The Roman Cyclades: A “landscape of opportunity”?

Roman traders and settlers, and the economic exploitation of the islands

On Monday, December 9, 2013, Énora le Quéré (Université Panthéon Sorbonne-Paris I), Sophia Zoumbaki (National Hellenic Research Foundation (N.H.R.F.) Institute for Greek and Roman Antiquity (K.E.R.A.) will present the topic “The Roman Cyclades: A ‘landscape of opportunity’? Roman traders and settlers, and the economic exploitation of the islands”, in the French School at Athens.

Both ancient writers and modern scholars alike have considered the Cyclades as a region of desolation, poverty, and decline during the Republic and Imperial times. Yet the presence of private individuals from the West, who are attested to have been settled in the Cyclades, shows that the region offered certain opportunities for profit.

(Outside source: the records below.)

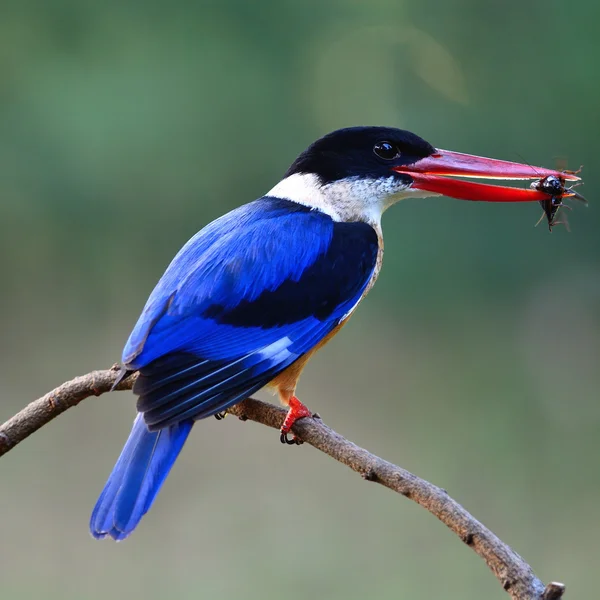 Schwarzkopf-Eisvogel — Stockfoto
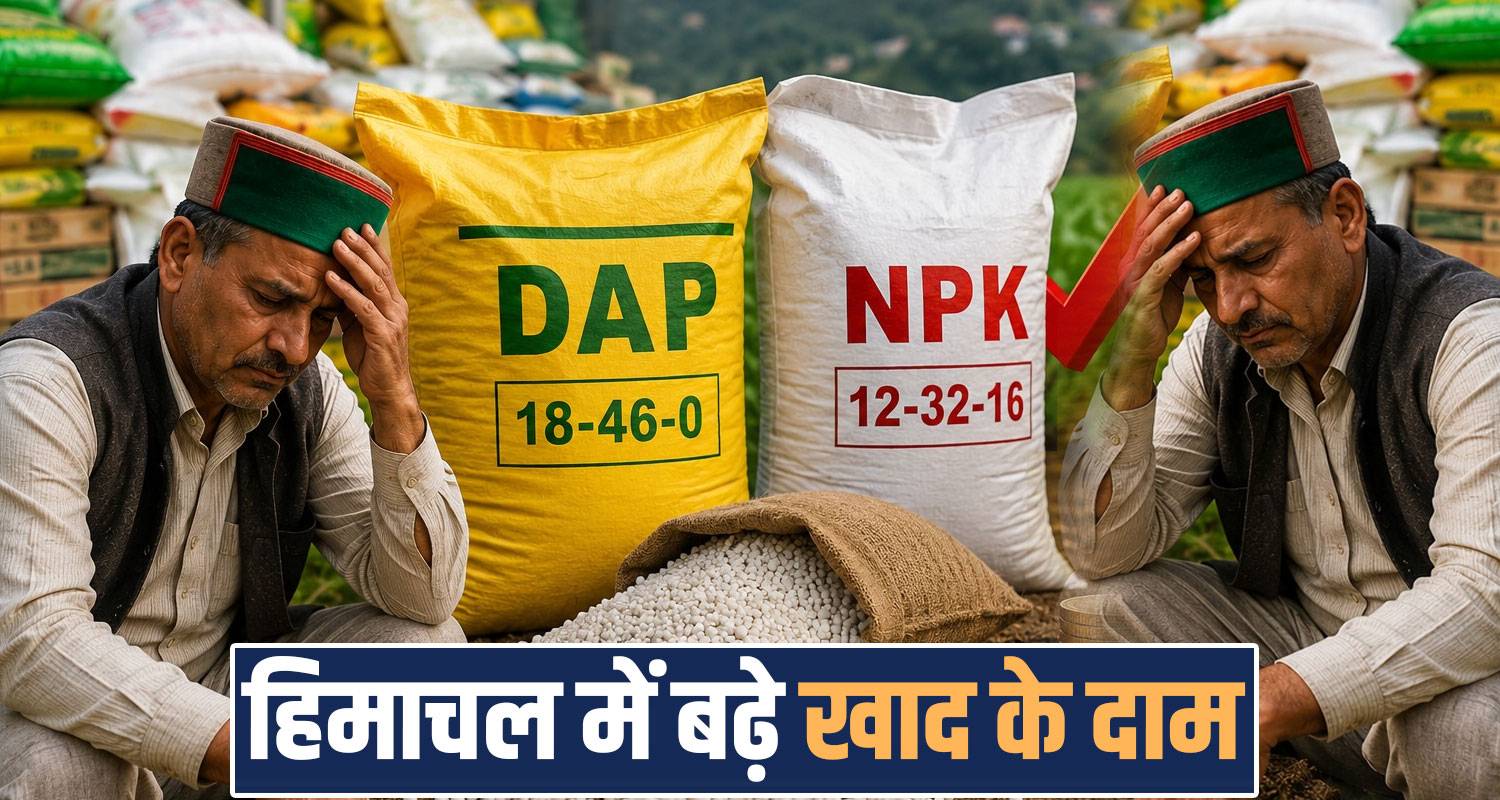 farmers npk dap fertilizers cost price hike himachal sukhu government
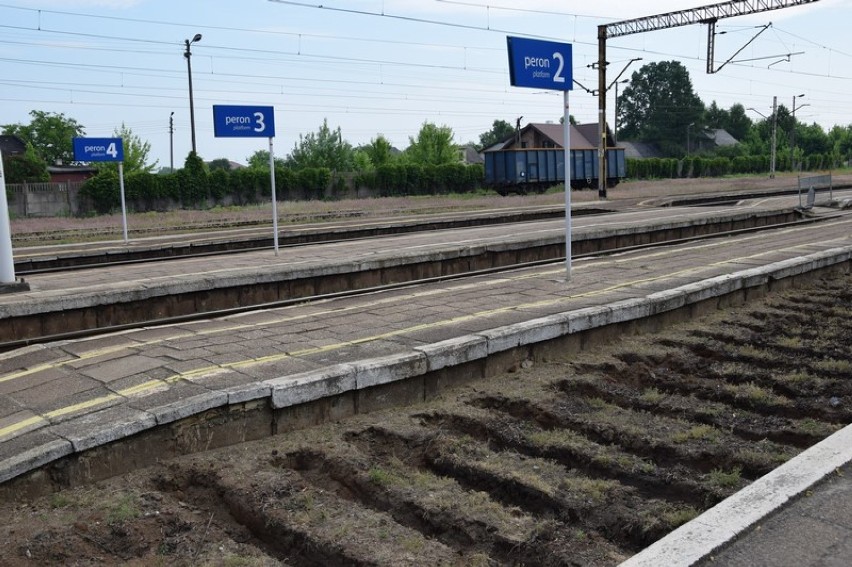 Dworzec PKP w Zduńskiej Woli zmienia wygląd. Rozpoczęły się prace na lini kolejowej [zdjęcia]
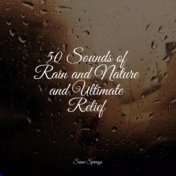 50 Sounds of Rain and Nature and Ultimate Relief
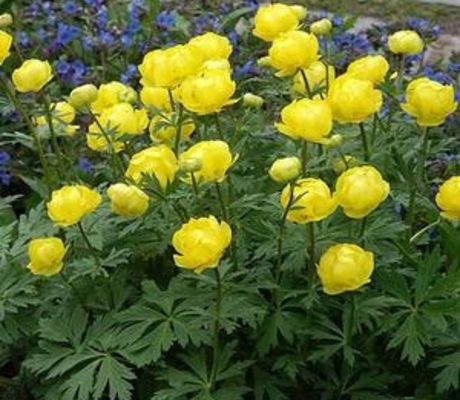 Lemon Supreme Globeflower SEEDS - Trollius europaeus 'Lemon Supreme' - Caribbean garden seed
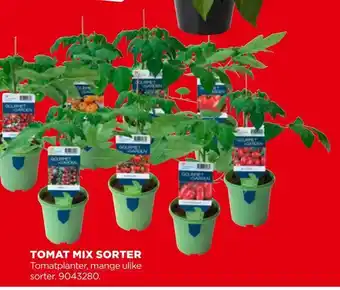 Tomat mix sorter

This presentation attempst an investigation of the presence of Romans and Italiote Greeks on the Cyclades, of their mobility and economic role in the region from the 3rd c. BC onwards. As the speakers point out: “Our purpose is to focus on these individuals, on the nature of their presence, on their integration into the local societies of the Cyclades, and on their economic activities. We assume that the exploitation of the natural resources of the islands, sometimes in a large Mediterranean scale, was a principal driving factor behind the presence of Roman traders and settlers there. These activities will be studied both through the direct evidence of the literary and epigraphic sources, and on the basis of various types of archaeological data, such as surveys, excavations, ceramics, amphorae, numismatics etc.”